Sports and movies in tech blog


----------



## Anorion (May 22, 2014)

wow... it's very good. just focus on keeping on writing the content, it's really relevant. 
liked the top game recording software post. 

suggestions, feel free to ignore any : focus a bit on formatting? The periods are joined to the capitals in the next sentence. Get the text alignment to Justify instead of Left align. Include screenshots for everything, or splash screens for everything, not a mix of the two. Have an image for every subhead. Internet likes images. Re-order the sidebar to search, labels, pop post, archive, like, subscribe, newsletter then badge. you have a side bar and a top bar and a bottom bar. take out the redundant things, either have tags in the sidebar or tabs in the top bar, not both. 

yes the design could be less cluttered and more minimal, but the content really stands it's own ground, so all other flaws can be easily ignored or are not that imp.


----------



## amjath (May 22, 2014)

kalam_gohab said:


> Hey guys, I wanted to know wether my blog is good enough or I need to improve in some fields.
> Here is the link of my blog
> TechBlazr
> And also guys, give me ur opinion on how to Improve SEO and traffic !
> ...



Blog looks good bro. Few suggestions:

1. Remove Blog Archive.
2. Add "Tip Us" Page.
3. In "Contact Us" at the bottom fix "Send" text in the button.
4. Fix "Contributors" Spelling at the bottom.
5. Subcategories Mobiles and PC like android, windows, ios and Windows Mac Linus respectively.

Will let you know more if I come across anything


----------



## kalam_gohab (May 22, 2014)

Anorion said:


> wow... it's very good. just focus on keeping on writing the content, it's really relevant.
> liked the top game recording software post.
> 
> suggestions, feel free to ignore any : focus a bit on formatting? The periods are joined to the capitals in the next sentence. Get the text alignment to Justify instead of Left align. Include screenshots for everything, or splash screens for everything, not a mix of the two. Have an image for every subhead. Internet likes images. Re-order the sidebar to search, labels, pop post, archive, like, subscribe, newsletter then badge. you have a side bar and a top bar and a bottom bar. take out the redundant things, either have tags in the sidebar or tabs in the top bar, not both.
> ...


 Thank you 

Thanks for your support guys ! love ya all ! 
Iam as of now trying to minimize the appearance of the blog as little as possilbe but can do upto some extent due to SEO.

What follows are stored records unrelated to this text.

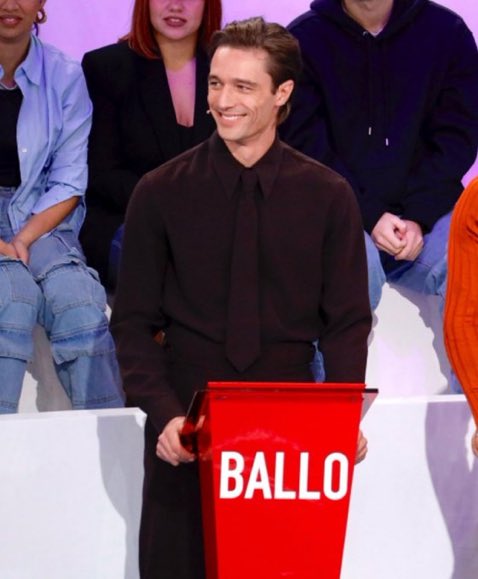 l’eleganza nel porsi con gli allievi, la naturalezza con cui cattura l’attenzione, la bellezza che non ha bisogno di sforzo. Francesco sé questo è un modo alternativo di chiedermi di sposarti io dico sì. #amici25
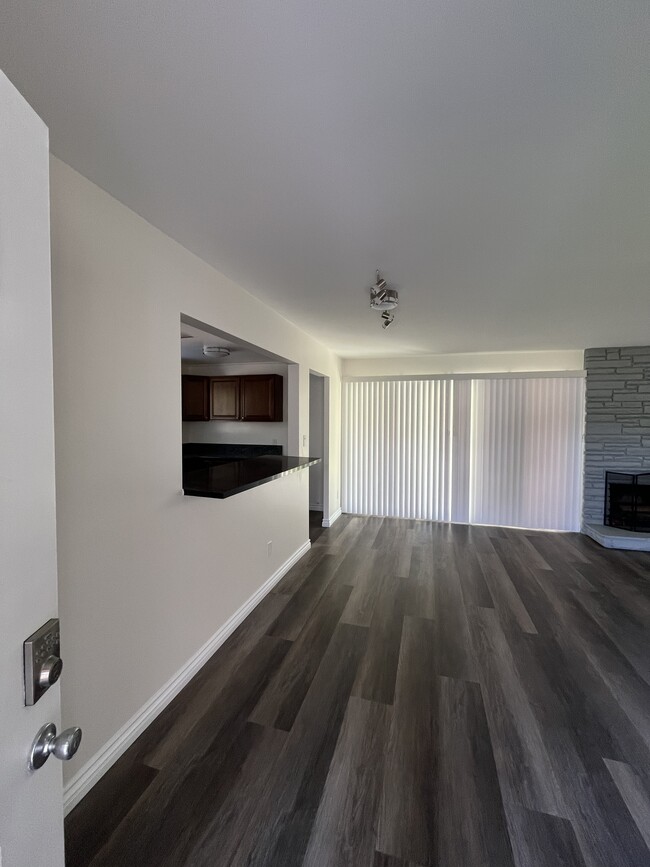 Photo - 17156 Simonds St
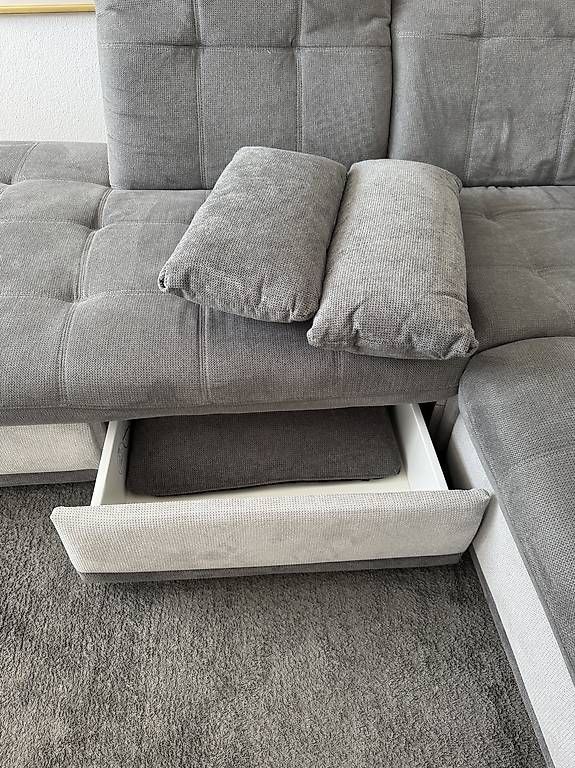 Sofas: Wohnlandschaft / Sofa  Grau  sehr guter Zustand – Gebraucht aus Buchs AG von der_z7jg 1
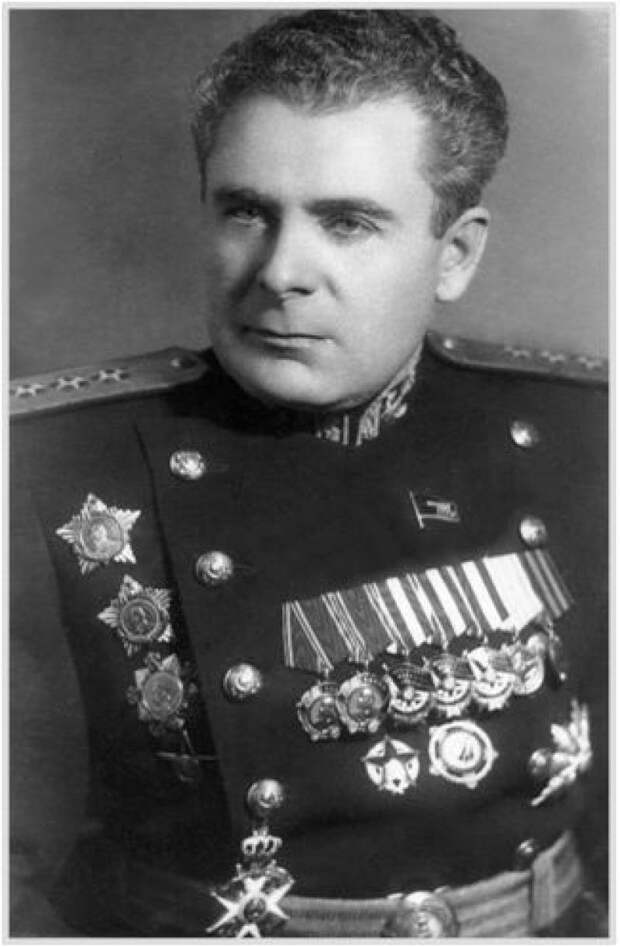 Нелегкий выбор адмирала Головко, или «Страна чудес» под другим ракурсом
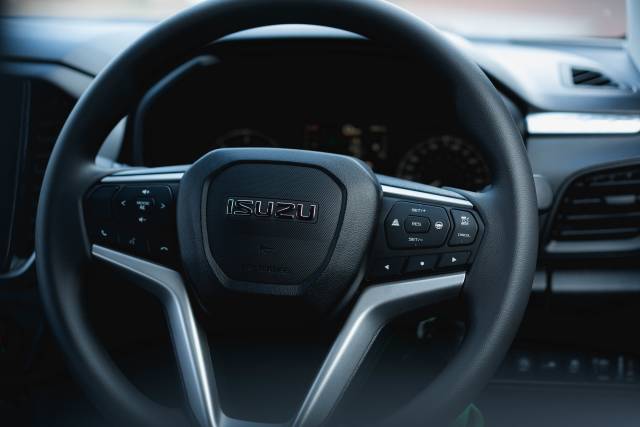 Isuzu D-Max 1.9 Dl20 Diesel Obsidian Grey Mica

Suggestions are always welcomed.


----------



## kalam_gohab (May 28, 2014)

Also guys, Check my another blog www.techtrickzone.com

Provide some reviews over it


----------



## Anorion (May 28, 2014)

is that original content? oh ok I get it now, all the posts are not yours
it's ok for the target audience
how many more you have


----------



## kalam_gohab (May 28, 2014)

The blog "TechtrickZone" is my friend's.He is asking me how to improve it  So I came towards you guys..
By the way, trying to make content as good as possible in my blog.


----------



## ankush28 (May 28, 2014)

1- Use original content.
2- Select particular niche. "TECH" is too wide to cover. No one likes random nonsense on blog. Plus niche blogs perform better in ad neworks and marketing due to targeted traffic.
3- Learn LINK-BAIT
4- Find any blogging buddy(add me )
5- Offer newsletter ( i.e. Build your mailing list)
6- Post consistently- I didn't said frequently like 2-3 posts per day but atleast aim for 3 post per week(MINIMUM)
7- Do have an editorial calander so you can ensure that you are not talking about one topic full month.
8- Lastly "Create evergreen content" which will bring traffic to blog everyday.
PS- evergreen content means the piller content for anyblog which never expires. I.e. Informative posts, how-tos, resources....

Some additional tips
Don't care about SEO!!
Double-check before posting.
Start monetizing now.


----------



## Anorion (May 28, 2014)

yeah +1 to that^ I don't know in what way you are talking about seo... didnt even see ads on those sites
just dont let anything distract from the content on your site, the techtrickzone one is good for the kind of content it has


----------



## ankush28 (May 28, 2014)

By "don't care about seo" I meant "Write for Readers, not for google's bots". All in all loyal readers are more important.


----------



## kalam_gohab (May 29, 2014)

Yeah nice one but if you read the above comments, you could see that Roopatg said me to add more topics.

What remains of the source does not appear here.